### PROBLEM TO SOLVE
Without any pictures, reproduce exactly the lines running from the line containing "If this sounds" through the end of the entries.

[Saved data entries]

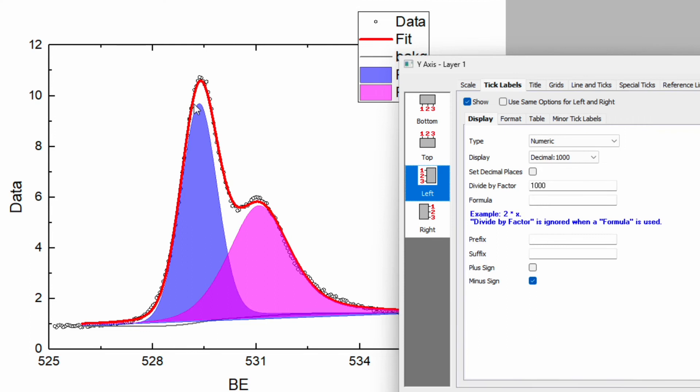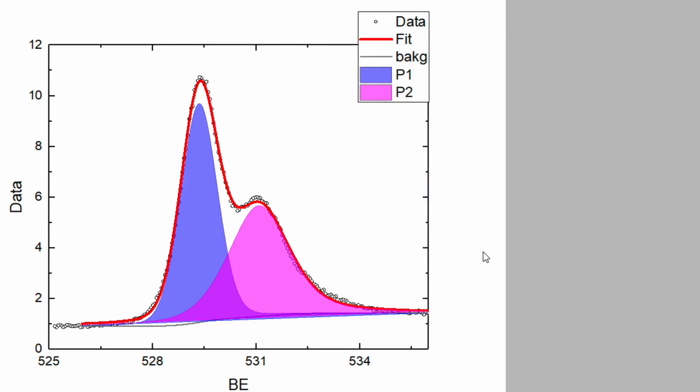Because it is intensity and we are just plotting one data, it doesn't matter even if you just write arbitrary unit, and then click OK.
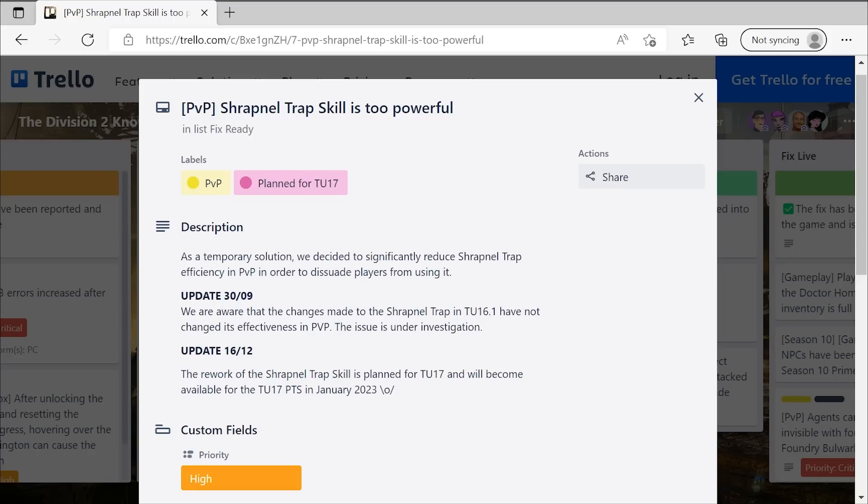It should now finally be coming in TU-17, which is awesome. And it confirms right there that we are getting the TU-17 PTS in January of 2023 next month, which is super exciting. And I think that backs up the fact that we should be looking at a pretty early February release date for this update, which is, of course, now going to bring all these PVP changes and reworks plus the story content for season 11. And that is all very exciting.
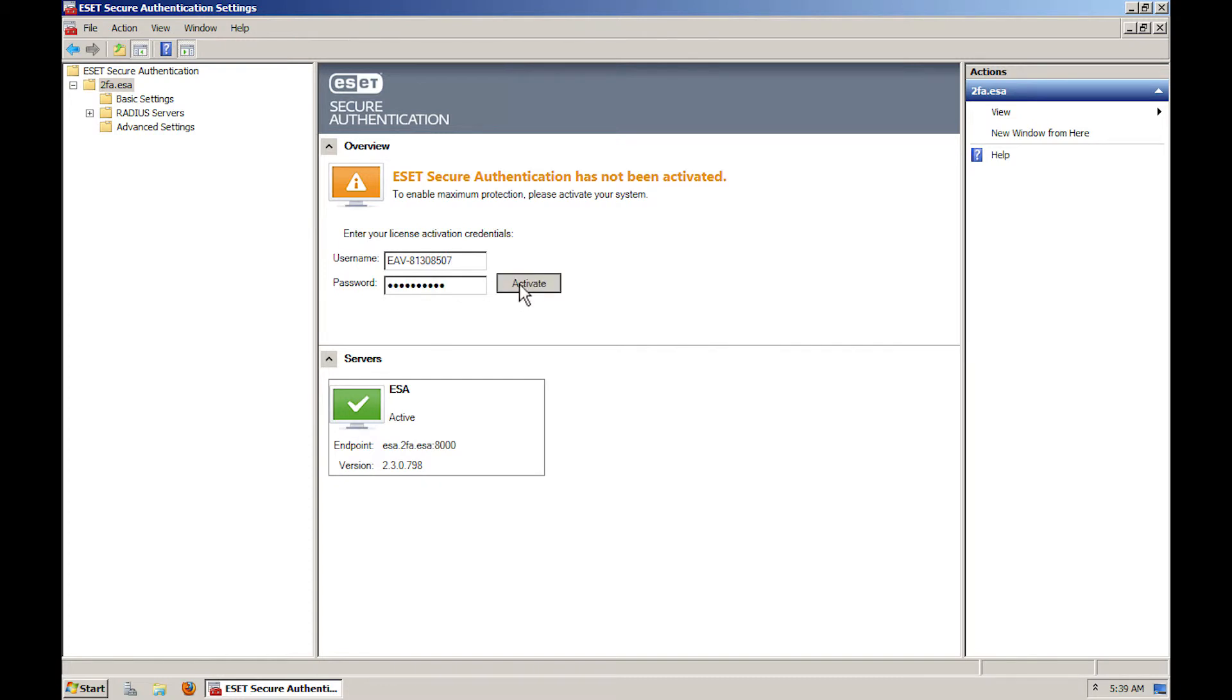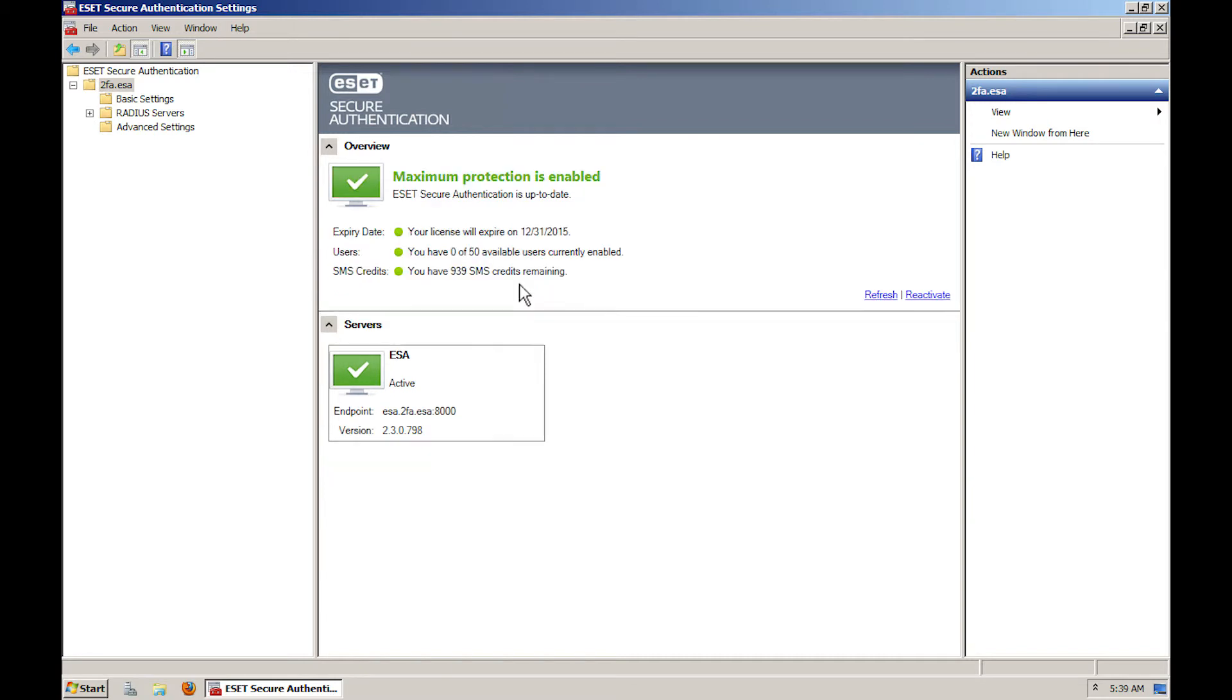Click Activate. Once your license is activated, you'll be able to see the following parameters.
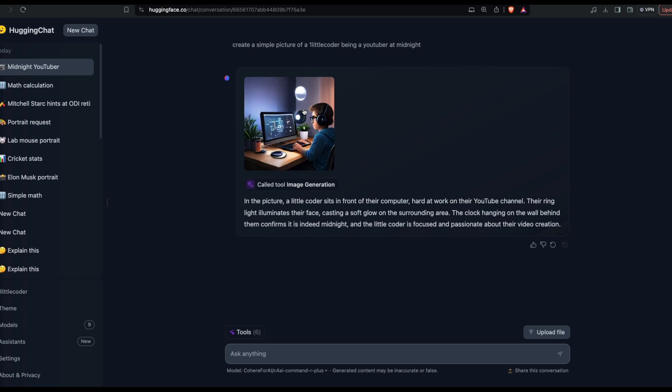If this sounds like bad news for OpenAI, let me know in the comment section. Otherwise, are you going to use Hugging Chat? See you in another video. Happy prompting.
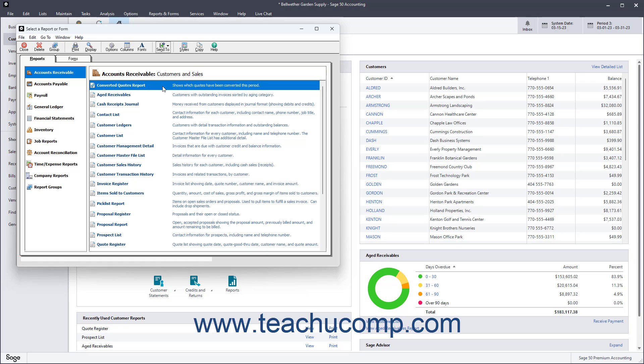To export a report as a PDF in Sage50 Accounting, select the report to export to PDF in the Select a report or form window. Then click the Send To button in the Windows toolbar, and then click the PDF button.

### EXERCISE OUTPUT
If this sounds like bad news for OpenAI, let me know in the comment section. Otherwise, are you going to use Hugging Chat? See you in another video. Happy prompting.
To export a report as a PDF in Sage50 Accounting, select the report to export to PDF in the Select a report or form window. Then click the Send To button in the Windows toolbar, and then click the PDF button.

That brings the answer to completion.